Were a is a scalar, the magnitude of the force. Here people have very
different opinions on how to calculate a.

For simple elastic collision with equal mass objects you do reflect
the ball velocities using the n vector (assume it is normalized
below).

For each ball, do v_new = v_old - 2*dot(v_old,n)*n, where dot(a,b) is
the vector dot product and v is the velocity vector. This is generally
how you reflect vectors, but remember that n has to be normalized
here.

In the more general case I like to do it like this:

Assume the collision is short, and we want to find the impulse I
(total force over time) that makes the objects bounce off each other.
In a completely elastic collision no energy is lost, and in a
completely inelastic collision the maximum energy is lost. Let's write
down the kinetic energy before and after the collision (without the
factor 1/2 for simplification):

Ebefore  = m1*v1^2 + m2*v2^2
Eafter = m1*(v1 + I/m1)^2 + m2*(v2 - I/m2)^2

Now, the energy difference is
Ediff = Eafter - Ebefore = 2*dot(v1,I) - 2*dot(v2,I) + I^2/m1 + I^2/m2

We see that the energy difference is a quadratic function in the
magnitude of the impulse I. Remember that the forces had to be along
the collision normal n, so lets put in I = a*n with n normalized and
simplify a bit:

Ediff = 2*dot(v1-v2,n)*a + (1/m1 + 1/m2)*a^2.

There are two values of a for which the energy is conserved; one is a
= 0, which corresponds to no force at all, but the other one is more
interesting.

a_elastic = 2*dot(v1-v2,n)/(1/m1 + 1/m2)

This is the impulse magnitude for a completely inelastic collision.
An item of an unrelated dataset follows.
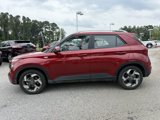 Used 2024 Hyundai Venue SEL image 2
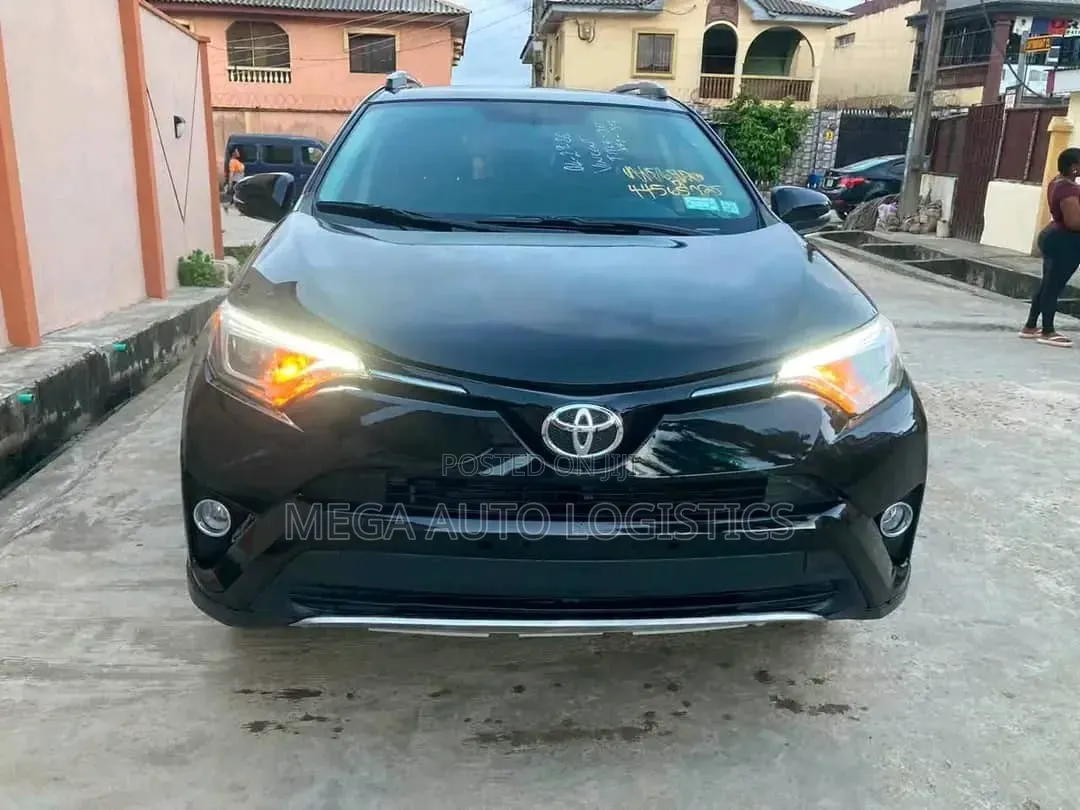 Toyota RAV4 XLE AWD (2.5L 4cyl 6A) 2017 Matt Black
We
can see that it depends of the difference of the objects velocities in
the direction of the collision normal.
We can also minimize Ediff to get the maximally inelastic a, IIRC
a_inelastic = a_elastic/2.
Now we can put in any a between a_inelastic and a_elastic if we want
to have some energy  loss in the collisions.

I like this approach because you never need to calculate any angles or
use trigonometric functions. just

1) Obtain collision normal n
2) Calculate a_elastic from the formula above
3) scale it down with a factor between 0.5 and 1 to get inelastic collisions
4) Change the object velocities by a*n/m1 (object 1) and -a*n/m2 (object 2).

I wrote this from memory, so there might be some small mistakes
somewhere, but there will be a small example program using this
approach released together with the next pygame version.